1964 - Gladesville Bridge
The original Gladesville Bridge was the first road bridge over the main navigable harbour channel and the first permanent regular harbour crossing. Opened 1st February 1881, it was similar in design to the Pyrmont and Glebe Island Bridges, being a low-level bridge on sandstone piers with 5 iron lattice girders each 46m in length, and a central swing-span. The Gladesville Bridge replaced the Bedlam ferry punt , which for 80 years had linked the northern and southern sections of the Great North Road, the main thoroughfare to the Hornsby and Ryde districts from Sydney. Victoria Road became its replacement, leaving the Great North Road as a road to nowhere.

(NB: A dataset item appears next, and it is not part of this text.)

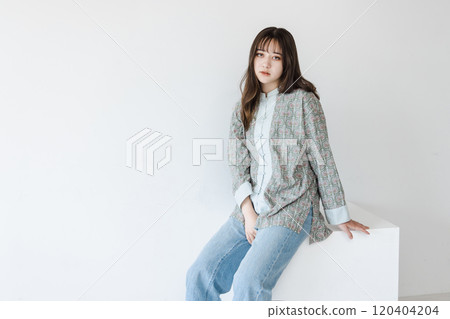 Half woman sitting on a white block Half woman sitting on a white block 120404204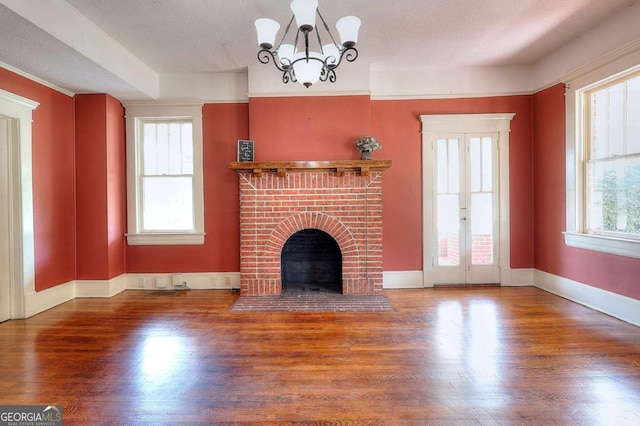 338 N Broad St, Monroe, GA 30655 - unfurnished living room featuring wood finished floors, a chandelier, a fireplace, and baseboards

Being only a two-lane bridge including tram tracks, by the 1950s it had become a major bottleneck, with traffic jams and lines of cars queued up to cross being commonplace. In 1960, work commenced on the high span concrete bridge which replaced it. Opened 2nd October 1964 by Her Royal Highness Princess Marina, the great concrete arch was built to a height of 40.8 metres at its centre, which allowed access to any large ships which may wish to travel upstream, particularly the colliers which serviced the Mortlake Gasworks. Ironically, following the shift to natural gas, colliers no longer use this section of the river. The arch consists of four concrete-box arches constructed independently of each other then stressed laterally together on steel arch ribs. Span: 308m.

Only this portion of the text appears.